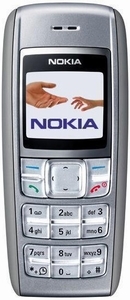 Foto 1 van de Nokia 1600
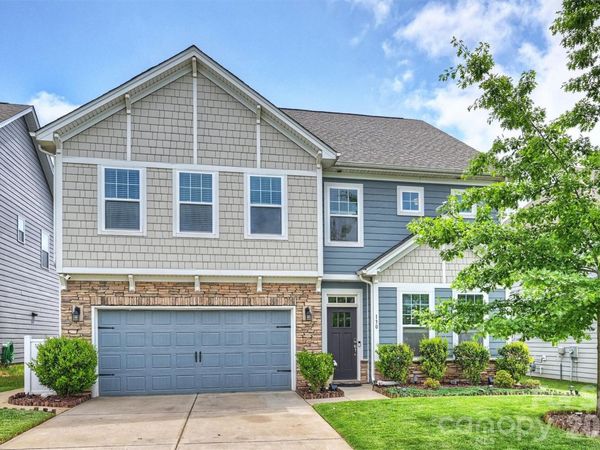 130 Carolina Ash Lane, Mooresville, NC 28117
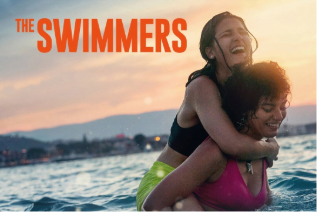 The Swimmers (GCP film screening)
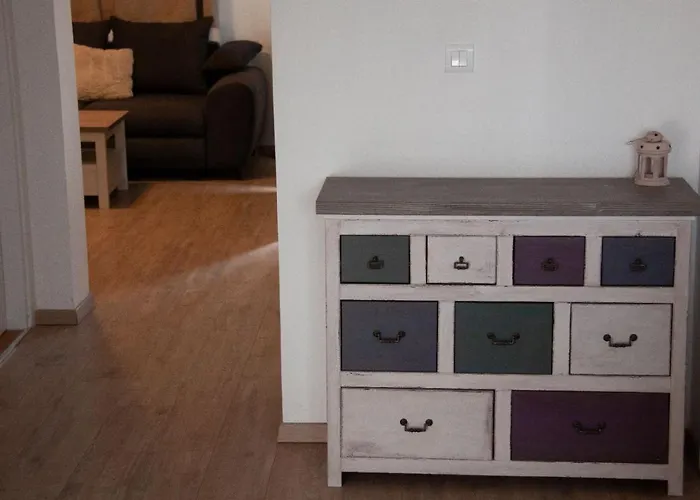 شقة Mate زادار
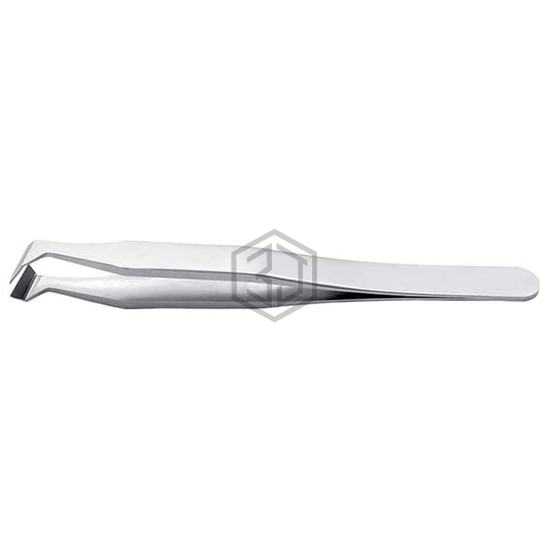 15A.C.0.ITU - Ideal-tek S.A. - Tweezers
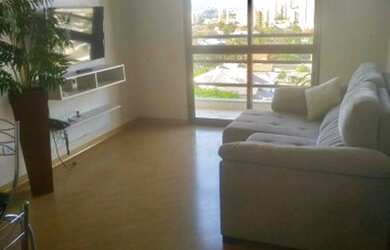 Imagem: O apartamento possui 3 Dormitórios, 2 Banheiros, 2 Vagas na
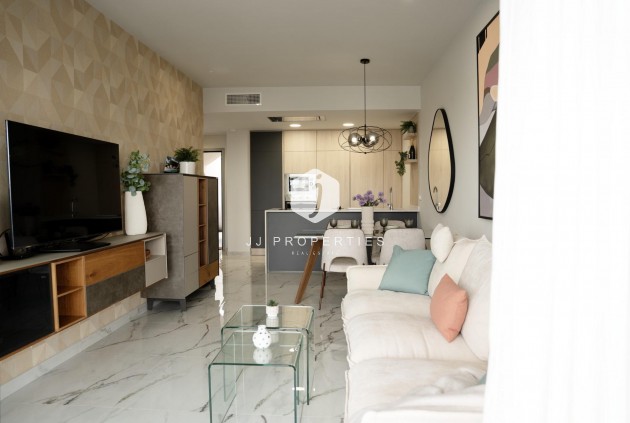 New Build - Bungalow -
Rojales - Lo Marabú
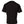 Dolce & Gabbana Dark Brown Logo Cotton Crew Neck T-shirt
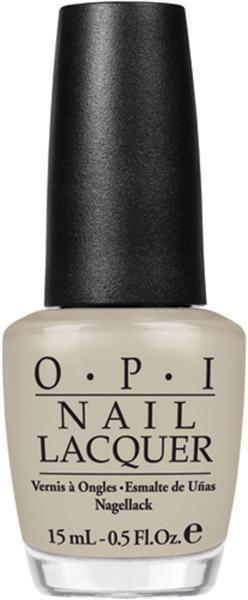 OPI, OPI Nail Lacquer Skull & Glossbones, Mk Beauty Club, Nail Polish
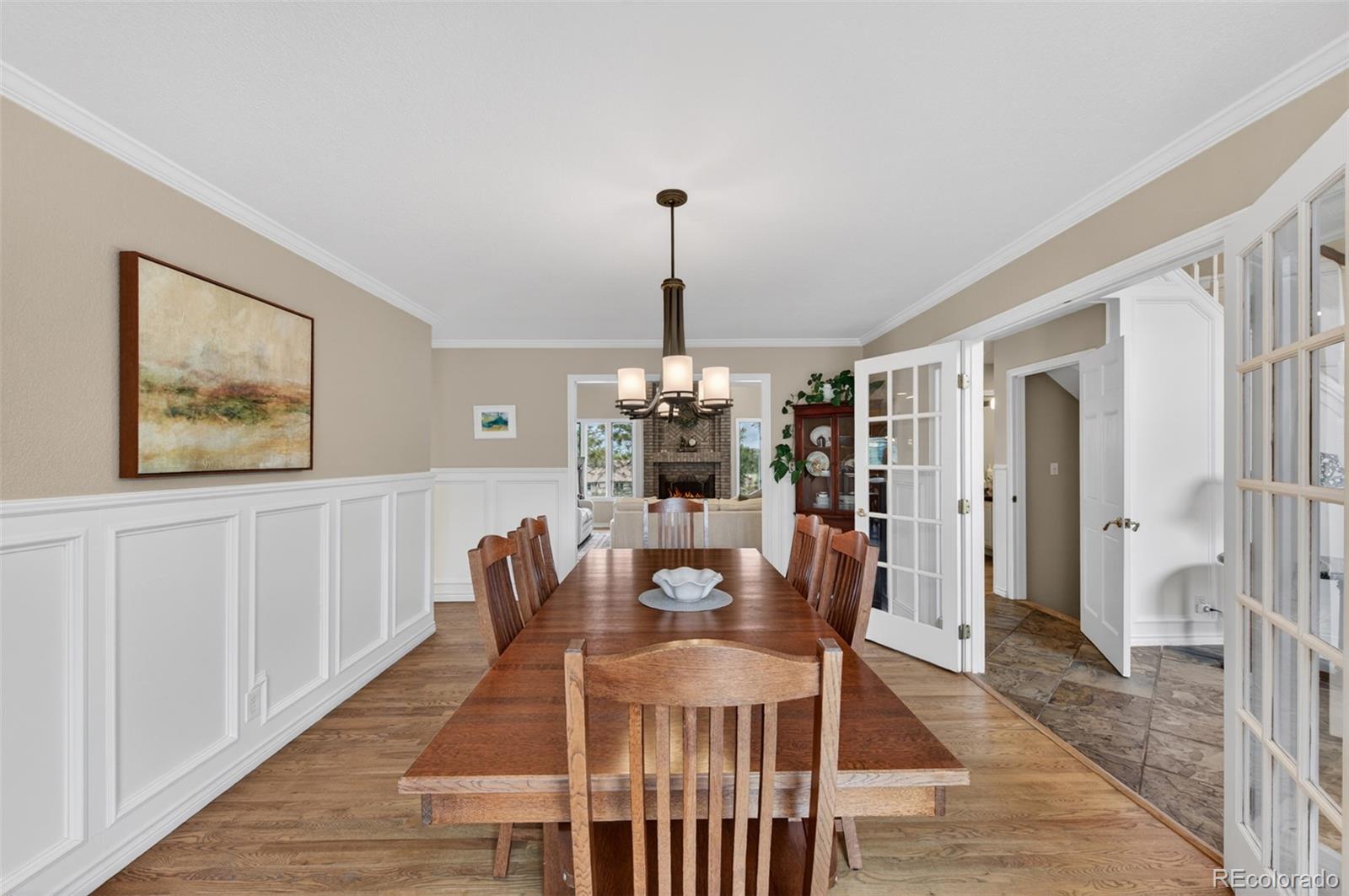 5 Catamount Lane Littleton CO 80127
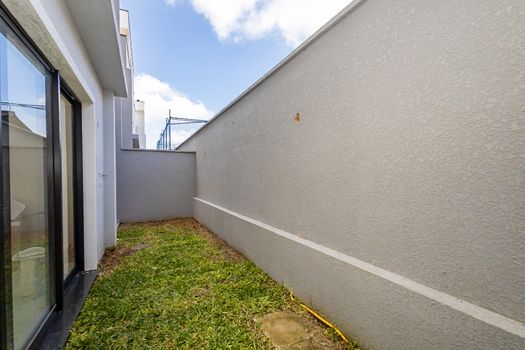 Foto 29 do(a) Casa em Condomínio de 3 quartos à venda em Santa Felicidade, Curitiba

================================

- **TASK DESCRIPTION**
Produce an exact copy of the lines from the line containing "Rojales - Lo Marabú" through the last line of the records, with no pictures and no other text.

- **RESPONSE AREA**
Rojales - Lo Marabú
 Dolce & Gabbana Dark Brown Logo Cotton Crew Neck T-shirt
 OPI, OPI Nail Lacquer Skull & Glossbones, Mk Beauty Club, Nail Polish
 5 Catamount Lane Littleton CO 80127
 Foto 29 do(a) Casa em Condomínio de 3 quartos à venda em Santa Felicidade, Curitiba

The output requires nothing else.